There is so much to see and do in New Orleans that visitors are seriously spoilt for choice about what to spend their money on.
It’s a city steeped in history and with so many fantastic tales to be told visitors are overloaded with options. We took many tours during our time in this fantastically vibrant city and one of them was the Steamboat Natchez Jazz Dinner Cruise.
We booked on this Viator excursion for our second to last evening in New Orleans. The cruise departed from the main dock, which is an easy fifteen minute stroll from the French Quarter – saving on expensive taxis.
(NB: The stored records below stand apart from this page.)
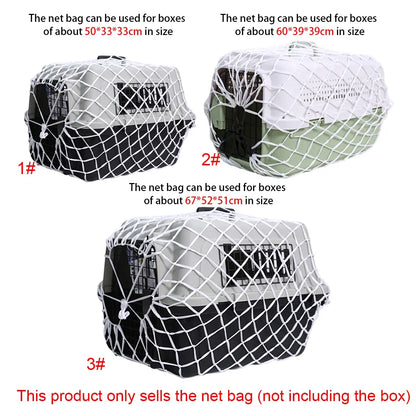 Pet Carrier Net Bag for Cat Dog Travel Mesh Cover Protective Tote Use - 67 × 52 × 51 cm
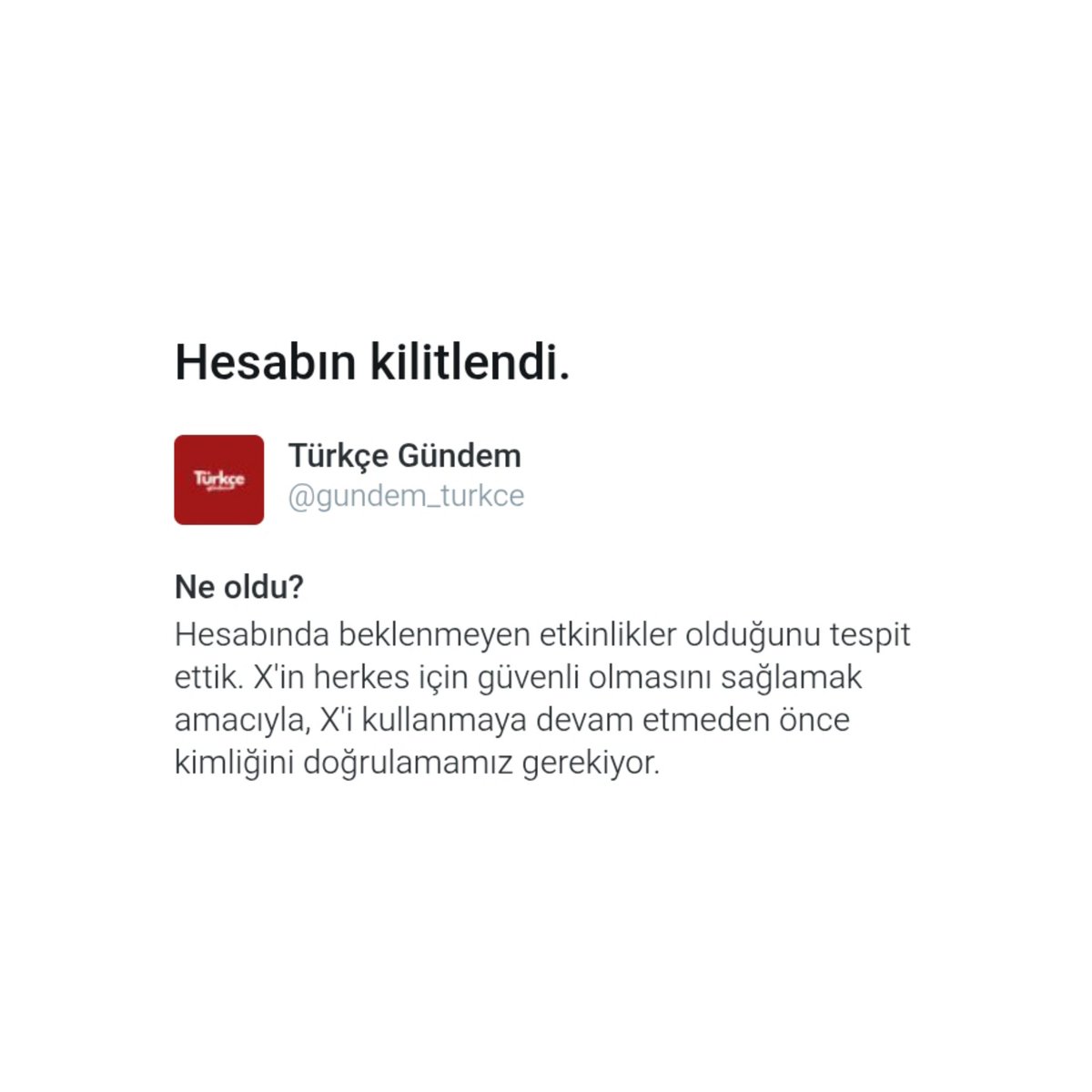 🔴 #ÖNEMLİ | Hesabımız yoğun şikayet altında.

Bu paylaşımı beğenerek, paylaşarak ve yorum atarak bize destek olabilirsiniz.

Türkçe Gündem, haberleri gerektiği dilde aktarmaya devam edecek. Şimdiden teşekkür ederiz.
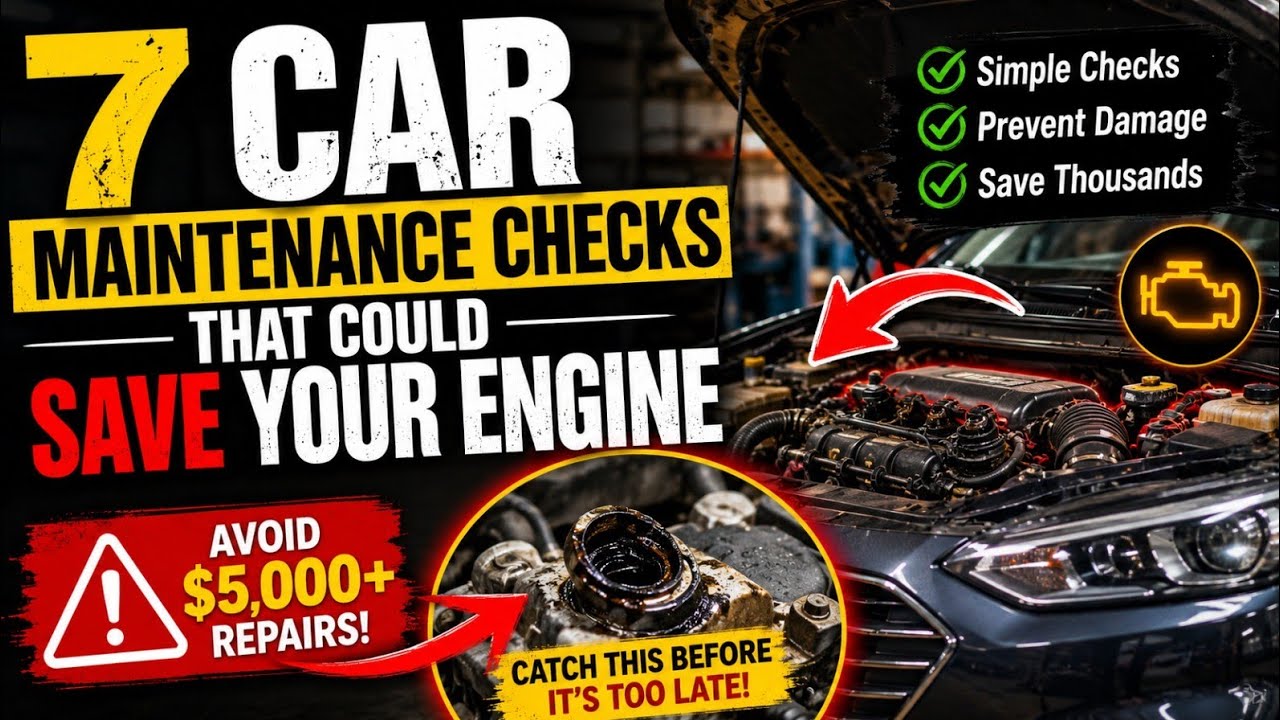 7 Car Maintenance Checks That Could Save You Thousands (Don’t Ignore #4!)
Not just a boat, the Steamboat Natchez is a time capsule that emulates the romance and marvel of yesteryear – the moment you set foot on the steamboat you instantly feel you’ve been transported into an old movie. There’s everything from a museum-quality Engine Room, to the ship’s orders being called over an old-fashioned megaphone, to the fantastic jazz performed by the Grammy-nominated Dukes of Dixieland. You really do feel as if you’ve been transformed to yesteryear.
What’s more, as you sail down the Mississippi River, this tour provides a great opportunity for visitors to take in New Orleans’ beauty and culture so it’s worth remembering to take your camera!
We were treated to a Louisiana-style buffet dinner – everything from prime rib, to chicken, pasta and salad – being a vegetarian, offerings were slightly limited, but I didn’t go hungry.
Dukes of Dixieland were absolutely superb and were one of the best bands I’ve ever had the pleasure of seeing. They played an assortment of old and new jazz tunes throughout the evening. You could tell everyone onboard enjoyed themselves because there wasn’t an occupied seat by the end of the evening – everyone was up on dancing away. They provided just the right tone for the evening and I absolutely loved listening to them and watching their very engaging performance.
The Natchez is one of only six steamboats still operating on the Mississippi River so we felt extremely lucky that we were able to experience, and taste, a little part of what New Orleans must have been like in days gone by.